Rick Falkvinge writes that on October 10th a committee within the European Parliament will vote on future copyright law in Europe. Former MEP (2009-2014), Christian Engström, provided a description of how to provide feedback to the European Parliament. Polite, clear, to the point feedback from EU citizens and residents would be most useful.
In particular, there are two really bad proposals and three really good proposals that warrant special attention, mixed in and buried in all the words. The good propoals are the mandatory freedom of panorama, the freedom to remix, and the freedom for anybody to datamine. The two bad proposals, quite dreadful actually, are to require sites to carry out mandatory upload filtering and a link tax which makes it impossible to link to articles in the legacy media.
(Score: 3, Interesting) by bzipitidoo on Wednesday September 20 2017, @03:05PM
Okay, this thread got cynical real fast. Yes, there's a lot of corruption. Yes, copyright extension clear out to 75/95 years was deeply unpopular, and should never have been voted into law.
But there are other ways to fight. And the first thing to keep firmly in mind is that government's power is extremely limited. They can't make water flow uphill, the sun rise in the west, or pi = 3. Copying belongs to the masses now, and no government backed edict will ever change or undo that. That whole 2nd Amendment Right to Bear Arms stuff misses a crucial point: the pen is mightier than the sword. Free Speech is much more important, and ought to be expanded into a Freedom of Knowledge right specifying that content may not be owned, you can't throw people in jail just for making a recording, and accusing half the world of theft will get you slapped back hard with a libel and slander class action suit.

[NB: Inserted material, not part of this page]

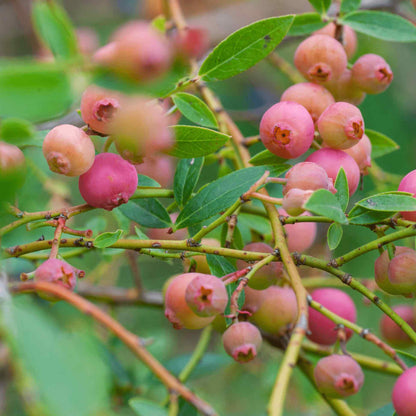 Close-up of bright pinkish-red berries ripening on green leafy branches of a Pink Lemonade Blueberry bush.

Protest, sure. Got to let doubters know where the people stand. But ultimately, should they pass some idiotic copyright strengthening measure, so what? Those bozos who lobbied and bribed intensely will have only wasted their money, and that's good. The law will have no teeth, be unenforceable, and we can freely ignore it. Eventually it may be repealed, or the courts may strike it down. Meantime, support your local Pirate Bay, aka the public library. And someday, even the content ownership cartels will come to their senses and figure out that lawmakers took them to the cleaners, accepted their bribes to pass their stupid laws.